Kahvaltımızı bitirdikten sonra, sabah sekizde Paris ‘i gezmek üzere otelimizden ayrıldık. Gezi anılarımı yazmadan önce sizlere Paris şehri hakkında biraz bilgi vermek istiyorum. Şehir M.Ö. 3. Yüzyılda Galyalılar’ın Parisi kabilesi tarafından, Seine Nehrinin taşıdığı alüvyonlardan oluşan iki adacık üzerine kurulmuş.  Zamanla şehir büyüdükçe bu adacıklardan tahta köprülerle bağlantı kurulmak suretiyle  Seine Nehrinin kenarlarında evler inşa edilmiş ve yerleşim nehrin iki yakasına kaymış. Dünyanın kültür, sanat, eğlence ve lüks tüketim merkezi olarak adlandırılan şehir 105.4 kilometrekarelik alana sahip. 2007 nüfus sayımı verilerine göre banliyöleri de dahil olmak üzere  Paris’te  11.8 milyon kişi yaşıyormuş.

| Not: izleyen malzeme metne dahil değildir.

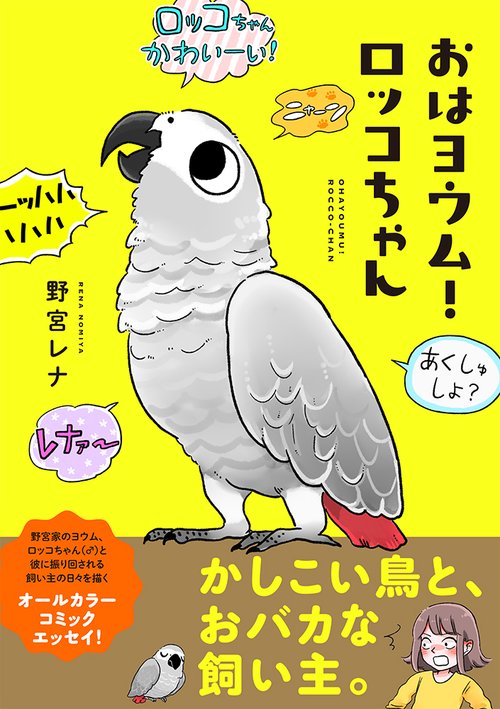 おはヨウム！ロッコちゃん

                Eyfel kulesine yakın bir yerde otobüsümüzden inip, kısa bir yürüyüşün ardından kulenin bulunduğu meydana geldik. Saat bakmadım ama sanırım sekizbuçuk civarındaydı. Oldukça büyük olan meydanda tabiri caizse iğne atsanız yere düşmeyecek bir kalabalık vardı. Kuleye giriş biletleri önceden temin edilemediği için, herkes beklediğinden yoğun bir kalabalık ve uzayıp giden kuyruklar vardı. Çaresiz biz de herkes gibi kuyruğa girip beklemeye başladık. Bu kalabalığın içindeki siyahilerin ve Uzak doğulu turistlerin çokluğu ilgimi çekti.

 

                Kule 1889 yılında Gustave Eiffel tarafından devrimin 100. Yılı anısına Sergi için geçici bir süreliğine inşa edilmiş. Yapımı iki yıl sürmüş. 18.000 parça demirin 2.5 milyon perçinle tutturulduğu  yapı  300.50 metre yüksekliğinde ve 1665 basamaktan oluşmakta. Halkın ve bazı sanatçıların çirkin bir demir yığını olarak gördükleri kulenin yıkılmasına karar verilmiş. Yüksekliğinden dolayı bir süre radyo istasyonu olarak ardından uzun yıllar Citroen firmasının billboardı olarak kullanılmış. Daha sonraları turizme açılarak şehrin, hatta ülkenin sembolü olmuş ve kuleye halk tarafından Demir Leydi adı verilmiş. Günümüzde kule her yedi yılda bir 60 ton boya ile boyanmakta imiş.

 

                Kuleye isteğinize göre asansör veya merdivenlerden çıkabilirsiniz. Biz grup olarak asansörle çıkmayı tercih ettik. Kuledeki seyir teraslarından şehrin manzarası gerçekten görülmeye değer. Bir taraftan bütün şehri ikiye bölen Seine nehri göz alabildiğince uzanıyor. Diğer taraftan şehrin göz alıcı tarihi ve turistik yapılarını, geniş meydanlarını görebiliyorsunuz. Kuledeki turistlerin arasındaki Türklerin çokluğu  ilgimi çekti. Her seyir terasında, hemen her köşede Türkçe konuşan birilerini görmek mümkün.

 

                Manzaranın tadını doya doya çıkarabilmek için asansörle çıktığımız kuleden merdivenlerden yürüyerek indik.  Bunun sonucunda saatlerce bacaklarımın ağrıdığını tahmin edebilirsiniz. Ama manzara o kadar güzeldi ki, çektiğim ağrıya değdi doğrusu.

 

                Ayrıca kuleyi gece de görme imkanımız oldu. Aynen bizim Boğaz Köprüsü gibi ışıklandırılıp, turistlere görsel bir şölen sunuluyor.